Valenzuela et al. [16] achieved a maximum precision of 0.37 when emplyoing only a single parameter, namely “direct citations per section”. When examining only a single parameter, the newly proposed approach focusing solely on the abstract achieved a precision score of 0.66, thus outperforming Valenzuela et al. In comparison, Valenzuela et al. achieved a precision score of 0.65 when aggregating all 12 parameters, still slightly lower than the precision score of 0.66 obtained by Proposed Approach #2. Furthermore, to compare this value, one needs to consider the following facts. Valenzuela et al. have not discussed how accurately they extracted the 12 features. For example, metadata features like keywords are only available around 50% of the time [26]. Furthermore, the accurate extraction of in-text citation counts is not a trivial task and requires very sophisticated algorithms. This has been pointed out by Shahid et al. [11], who achieved 58% accuracy in extracting in-text citations. Although an approach recently proposed by Ahmad et al. [38] raises this accuracy, it still needs to be verified on journals from diverse fields and different publishers’ styles. Therefore, the precision score of 0.65 achieved by Valenzuela et al. is dependent on the accurate identification of in-text citation counts. If the approach by Valenzuela et al. [16] were to extract in-text citation counts automatically using the procedures presented by Shahid et al. [11], the precision score might remain in the range of around 0.3. Standard tools such as Content ExtRactor and MINEr (CERMINE) [39] and GeneRation Of BIbliographic Data (GROBID) [40] could only achieve precision, recall, and F-measure scores in the range of 0.8 to 0.9 when evaluated by Ahmad et al. [38]. Thus, if Valenzuela et al. [16] were to apply the best automated approach to detecting in-text citations, the precision score for finding important citations would drop from 0.65 to less than 0.5. In contrast, the proposed approach does not require any such complex parameter computations; it is based solely on the content of the abstract, which is freely available.

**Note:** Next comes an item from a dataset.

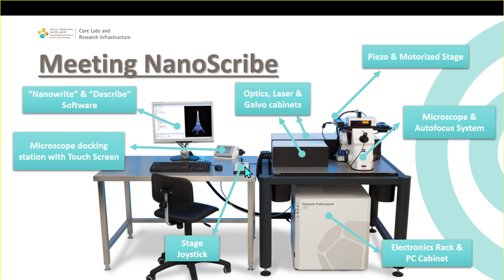We also have the stage joystick, which controls the stage. You can move the stage using this joystick up, down, left, and right. Near the main microscope, we have two enclosed cabinets. They need to be enclosed because inside we have the optics, the laser, and the galvo motor. This tool is equipped with a Class 3B laser, which is quite hazardous if the beam reaches your eyes, so it needs to be closed.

Therefore, in terms of real applications, the proposed approach outperforms Valenzuela et al.’s approach in terms of precision score and thus can be considered a viable solution for citation indexes and digital libraries.

The second state-of-the-art approach was presented by Qayyum et al. [26]. They classified citing papers as important/non-important citations for the cited paper using metadata and the papers’ content. The best individual feature they examined achieved a precision score of 0.35. Thus, with respect to single features, the proposed approach utilizing the abstract alone outperforms Qayyum et al. [26]. However, when Qayyum et al. [26] aggregated four metadata elements, the precision score using the random forest classifier reached to 0.72. Important to consider here is that this score can only be obtained when all four metadata elements are available. For example, only 58.3% of Qayyum et al. [26] dataset included keywords. This approach is not applicable in the scenarios wherein metadata is not present in equal ratio. Furthermore, cue phrases need to be identified for each individual dataset. This makes the method impractical to use in real systems. In contrast, the newly proposed approach does not rely upon defining a cue phrase dictionary or the availability of keywords.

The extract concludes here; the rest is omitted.